Kortom: een amendement om de Minister van Sociale Zaken en Werkgelegenheid een bevoegdheid te geven om een oordeel te vellen over gemeentelijk beleid vind ik niet passend en een hardheidsclausule voor het recht op kinderopvangtoeslag bestaat sinds kort. Om bovenstaande argumenten ontraad ik dit amendement.

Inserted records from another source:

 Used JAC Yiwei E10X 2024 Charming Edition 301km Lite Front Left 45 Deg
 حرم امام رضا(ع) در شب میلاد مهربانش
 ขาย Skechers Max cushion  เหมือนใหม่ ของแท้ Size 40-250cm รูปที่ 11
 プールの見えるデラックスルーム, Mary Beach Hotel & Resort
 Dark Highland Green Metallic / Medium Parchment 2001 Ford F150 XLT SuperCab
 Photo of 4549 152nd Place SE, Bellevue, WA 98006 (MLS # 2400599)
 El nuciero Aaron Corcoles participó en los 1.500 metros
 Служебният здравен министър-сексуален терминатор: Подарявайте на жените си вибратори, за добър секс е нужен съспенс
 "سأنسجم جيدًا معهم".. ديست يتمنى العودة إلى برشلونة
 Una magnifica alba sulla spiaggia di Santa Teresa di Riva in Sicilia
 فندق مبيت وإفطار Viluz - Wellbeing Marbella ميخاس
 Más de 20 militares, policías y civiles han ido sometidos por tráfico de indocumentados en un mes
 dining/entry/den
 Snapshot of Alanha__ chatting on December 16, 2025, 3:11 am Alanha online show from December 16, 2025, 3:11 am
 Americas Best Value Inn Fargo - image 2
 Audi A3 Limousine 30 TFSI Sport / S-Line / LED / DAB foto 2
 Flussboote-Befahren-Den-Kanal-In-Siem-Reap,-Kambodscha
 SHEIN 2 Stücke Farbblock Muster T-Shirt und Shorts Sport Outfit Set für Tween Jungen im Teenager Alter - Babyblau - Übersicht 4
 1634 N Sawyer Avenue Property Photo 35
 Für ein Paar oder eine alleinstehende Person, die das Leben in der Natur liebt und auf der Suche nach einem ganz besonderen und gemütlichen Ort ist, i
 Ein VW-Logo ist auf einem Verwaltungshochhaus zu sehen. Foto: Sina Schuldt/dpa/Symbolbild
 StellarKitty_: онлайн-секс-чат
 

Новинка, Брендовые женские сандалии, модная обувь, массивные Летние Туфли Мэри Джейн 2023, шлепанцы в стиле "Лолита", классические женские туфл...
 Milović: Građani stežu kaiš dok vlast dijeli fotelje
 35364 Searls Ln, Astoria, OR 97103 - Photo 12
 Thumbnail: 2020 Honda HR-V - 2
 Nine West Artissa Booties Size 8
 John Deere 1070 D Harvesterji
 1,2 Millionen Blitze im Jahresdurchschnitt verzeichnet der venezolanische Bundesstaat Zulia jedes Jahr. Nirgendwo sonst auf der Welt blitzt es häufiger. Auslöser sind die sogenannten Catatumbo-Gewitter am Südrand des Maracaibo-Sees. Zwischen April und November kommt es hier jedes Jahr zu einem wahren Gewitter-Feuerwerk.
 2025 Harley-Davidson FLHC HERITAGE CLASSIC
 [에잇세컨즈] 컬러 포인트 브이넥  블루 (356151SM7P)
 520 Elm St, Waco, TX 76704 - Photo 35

De Staatssecretaris van Sociale Zaken en Werkgelegenheid, B. van 't Wout


X Noot
1

Kamerstukken 35 598.

X Noot
2

Kamerstukken 35 598, nr. 11.

X Noot
3

Zie ook de Vierde periodieke beschouwing over interbestuurlijke verhoudingen na de decentralisaties in het sociale en fysieke domein van de Afdeling advisering van de Raad van State (W04.15.0367/I, bijlage bij Kamerstuk 34 550 VII, nr. 12) (m.n. paragrafen 4.3.4 en 4.3.5).

X Noot
4

Artikel 47, eerste lid, Awir.

X Noot
5

Dat kan tot vijf jaren na de dag van het berekeningsjaar van de tegemoetkoming waarop de betreffende beschikking betrekking heeft.